Pursuant to Section 19(b)(1) of the Securities Exchange Act of 1934 (“Exchange Act” or “Act”),[1] and Rule 19b-4 thereunder,[2] notice is hereby given that on November 17, 2014, Chicago Mercantile Exchange Inc. (“CME Inc.”) filed with the Securities and Exchange Commission (“Commission”) the proposed rule change described in Items I and II below, which Items have been prepared primarily by CME Inc. CME Inc. filed the proposal pursuant to Section 19(b)(3)(A) of the Act [3] and Rule 19b-4(f)(6) [4] thereunder, so that the proposal Start Printed Page 69546was effective upon filing with the Commission. The Commission is publishing this notice to solicit comments on the proposed rule change from interested persons.
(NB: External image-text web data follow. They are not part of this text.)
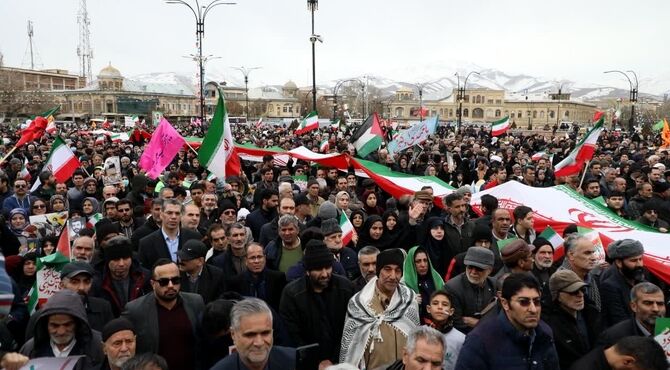  همدان یکصدا، رسالت تاریخی خود را تکرار کرد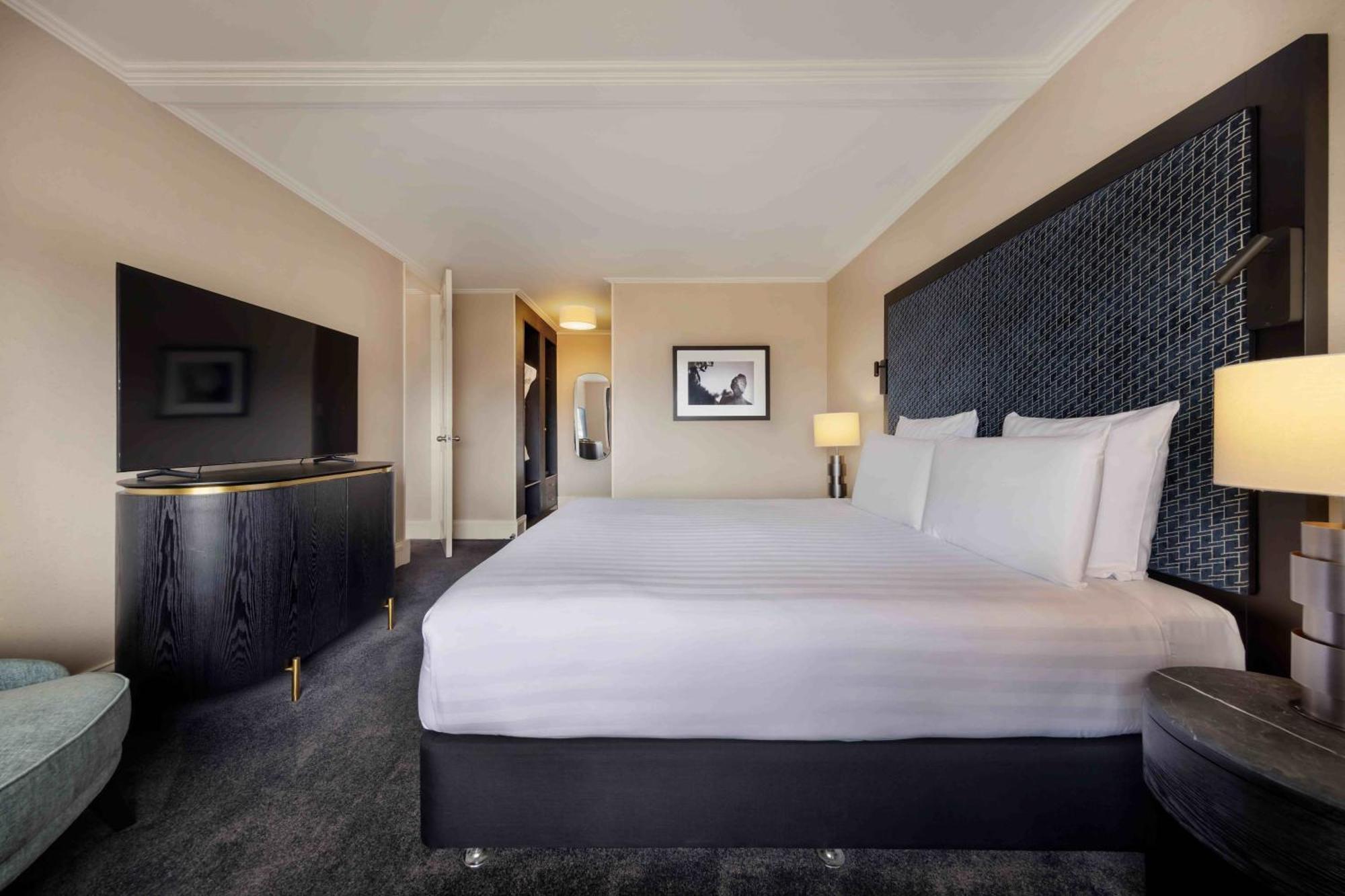 Pullman Auckland Hotel & Apartments Zewnętrze zdjęcie A bedroom at the hotel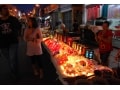 マレーシア人で賑わうジョンカー通りの夜市／マラッカ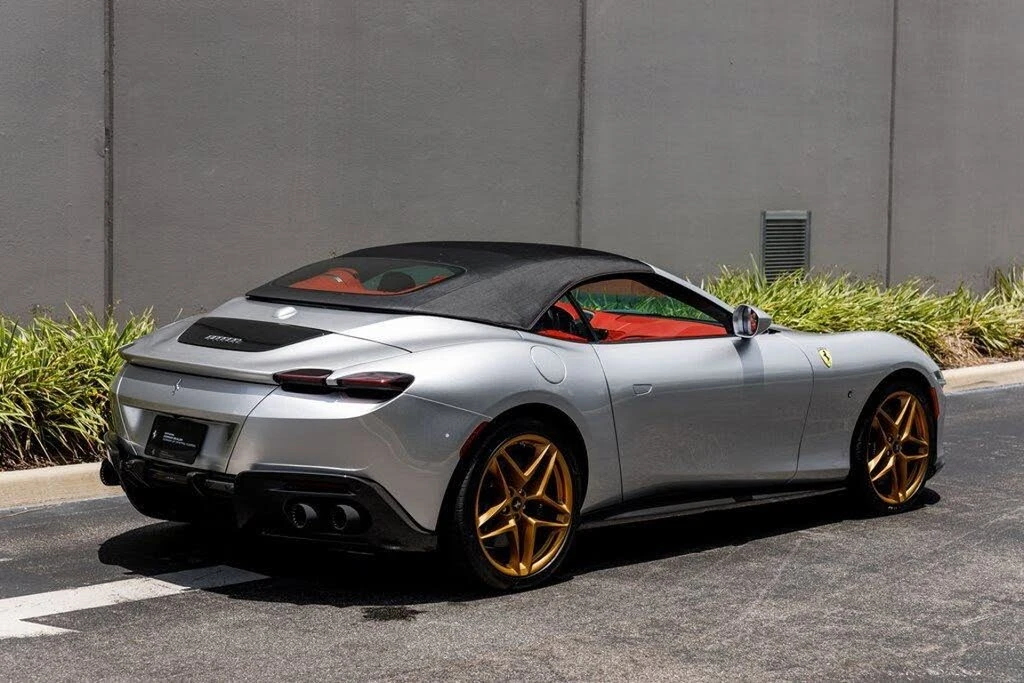 2024 Ferrari Roma Spider - Image 5 of 31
I. Self-Regulatory Organization's Statement of the Terms of Substance of the Proposed Rule Change

CME Inc. is filing the proposed rule change that is limited to its business as a derivatives clearing organization. More specifically, the proposed rule change clarifies that CME Inc. has decided not to clear security-based swaps (“SBSs”).[5] As a result, CME Inc. is removing references in Chapter 8-H (Credit Default Swaps Clearing) to SBSs.

II. Self-Regulatory Organization's Statement of the Purpose of, and Statutory Basis for, the Proposed Rule Change

In its filing with the Commission, CME Inc. included statements concerning the purpose and basis for the proposed rule change and discussed any comments it received on the proposed rule change. The text of these statements may be examined at the places specified in Item IV below. CME Inc. has prepared summaries, set forth in sections A, B, and C below, of the most significant aspects of such statements.
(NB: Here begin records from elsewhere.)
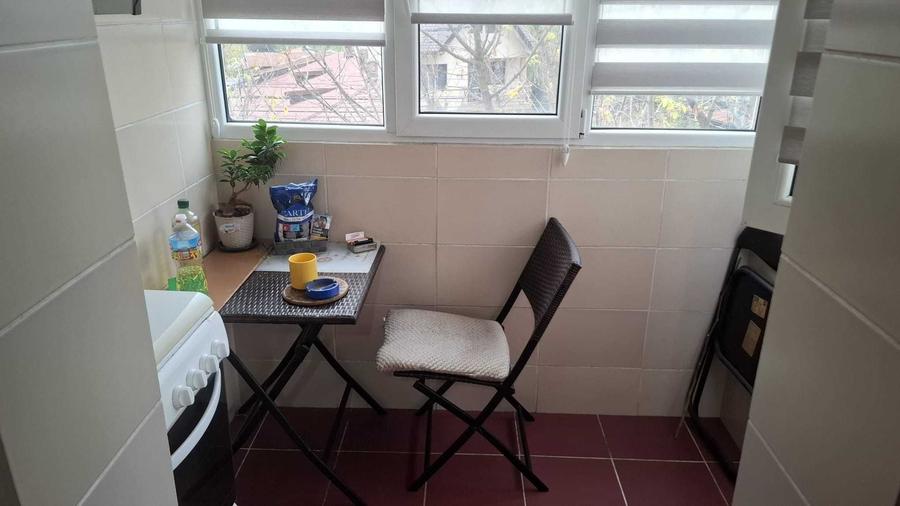 Apartament cu 3 camere decomandat în Românești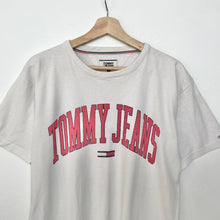 Load image into Gallery viewer, Tommy Hilfiger T-shirt (M)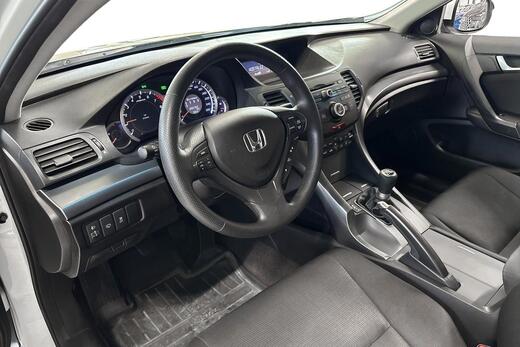 Honda Accord vaihtoauto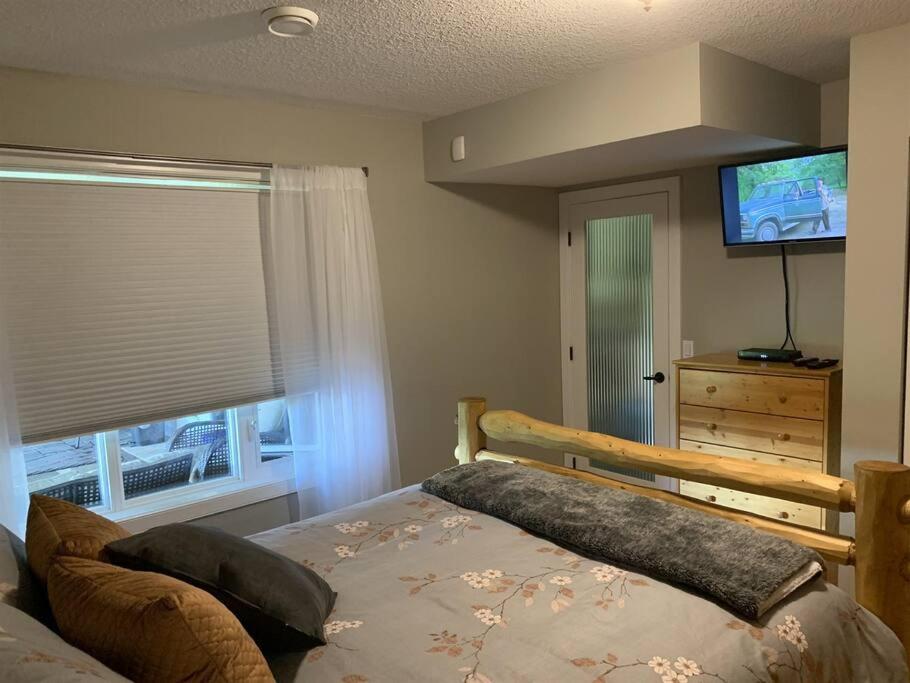 Dragonfly Inn Walkout Suites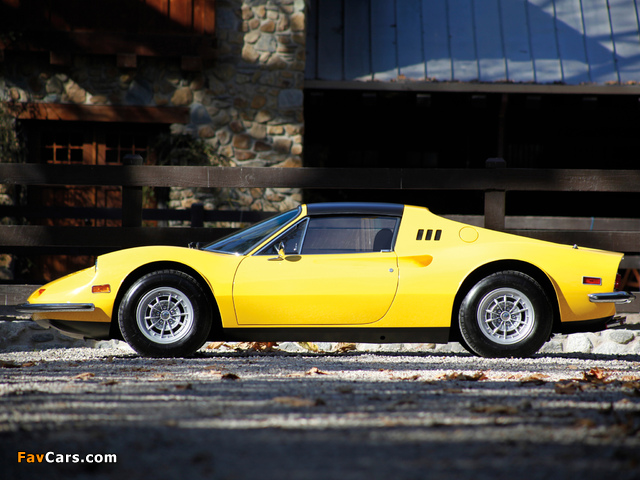 Photos of Ferrari Dino 246 GTS US-spec 1972–74 (640 x 480)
A. Self-Regulatory Organization's Statement of the Purpose of, and Statutory Basis for, the Proposed Rule Change

CME Inc. is registered as a derivatives clearing organization with the Commodity Futures Trading Commission (“CFTC”) and currently offers clearing services for many different futures and swaps products. To date, CME Inc. has never performed the functions of a clearing agency with respect to SBSs. This proposed rule change is designed to make explicit that CME Inc. has decided not to clear SBSs.

As a result of the above decision, CME Inc. is proposing to amend Rule 8H01 to explicitly state that CME Inc. will not clear SBSs, with the exception of Restructuring European Single Name CDS Contracts created following the occurrence of a Restructuring Credit Event in respect of an iTraxx Component Transaction.[6] The clearing of Restructuring European Single Name CDS Contracts will be a necessary byproduct after such time that CME Inc. begins clearing iTraxx Europe index CDS. As currently contemplated, CME Inc. will not permit market participants to increase, close out (other than due to the occurrence of a credit event) or otherwise affect the size of a position in a Restructuring European Single Name CDS Contract.[7]

Additionally, to remove references to SBSs, CME Inc. will accordingly amend or delete Rules 8H04 (CDS Clearing Member Obligations and Qualifications), 8H820 (Performance Bond for Security-Based Swaps), 8H930.C (Acceptable Performance Bond Deposits for CDS Products), 8H931 (Rule Changes Relating to Security-Based Swaps), 8H932 (Records Relating to Disciplinary Proceedings and Security-Based Swaps), 8H933 (Notice Regarding Certain Disciplinary Matters Related to Security-Based Swaps), 8H934 (Reports to CDS Clearing Members), and 8H938 (Summary Suspensions Relating to Security-Based Swap Clearing Activities).

CME Inc. believes the proposed rule change is consistent with the requirements of the Exchange Act, including Section 17A of the Exchange Act,[8] in general, and furthers the objectives of Section 17A(b)(3)(F),[9] in particular, in that it is designed to remove impediments to and perfect the mechanism of a national system for the prompt and accurate clearance and settlement of securities transactions, and in general, to protect investors and the public interest. The proposed rule change will provide adequate notice to the public that CME Inc. will not clear SBSs. Additionally, by deciding not to clear SBSs, CME Inc. believes that it will avoid subjecting non-security products to potentially “duplicative or inconsistent regulation” and will “eliminate any potential inefficiencies and undue delays that could result from the requirement that the Commission review changes to rules primarily affecting clearing operations with respect to products that are not securities . . .” [10] As a result, CME Inc. believes that the proposed rule change is consistent with the Exchange Act.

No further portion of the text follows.